• **Assignment**
Only one stretch of the listing below is wanted. Give it again exactly, from the line with "1963 Voice of" through the line with "Maglia Sportiva a".

• **Records for the task**
☆ ☆ ☆
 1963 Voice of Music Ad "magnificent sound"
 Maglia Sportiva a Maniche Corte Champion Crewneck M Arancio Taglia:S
☆ ☆ ☆
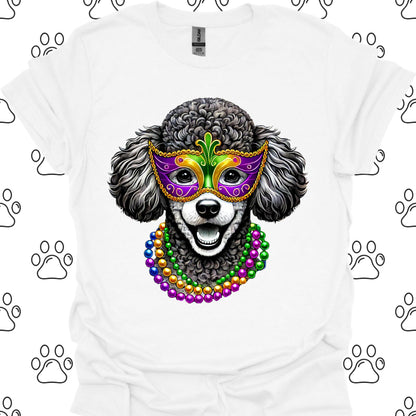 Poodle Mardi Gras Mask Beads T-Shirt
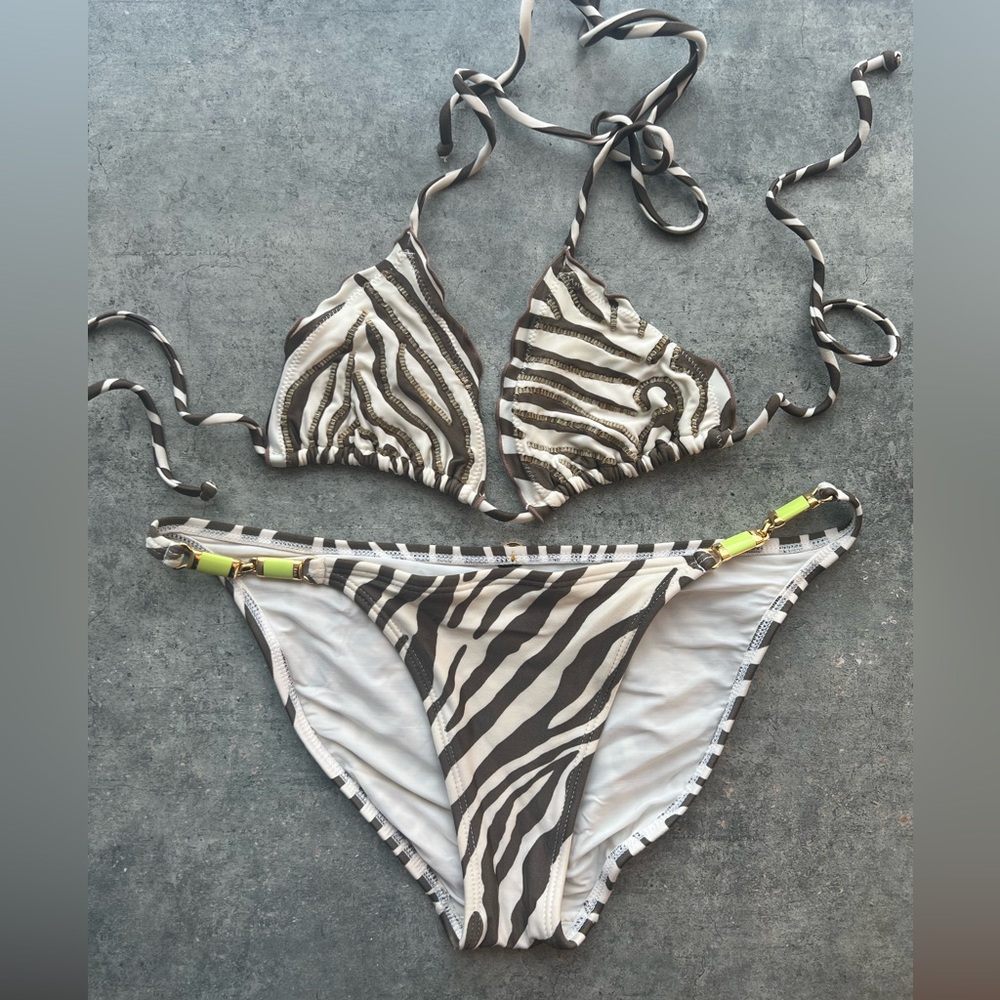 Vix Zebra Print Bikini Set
☆ ☆ ☆
• **Output of the exercise**
 1963 Voice of Music Ad "magnificent sound"
 Maglia Sportiva a Maniche Corte Champion Crewneck M Arancio Taglia:S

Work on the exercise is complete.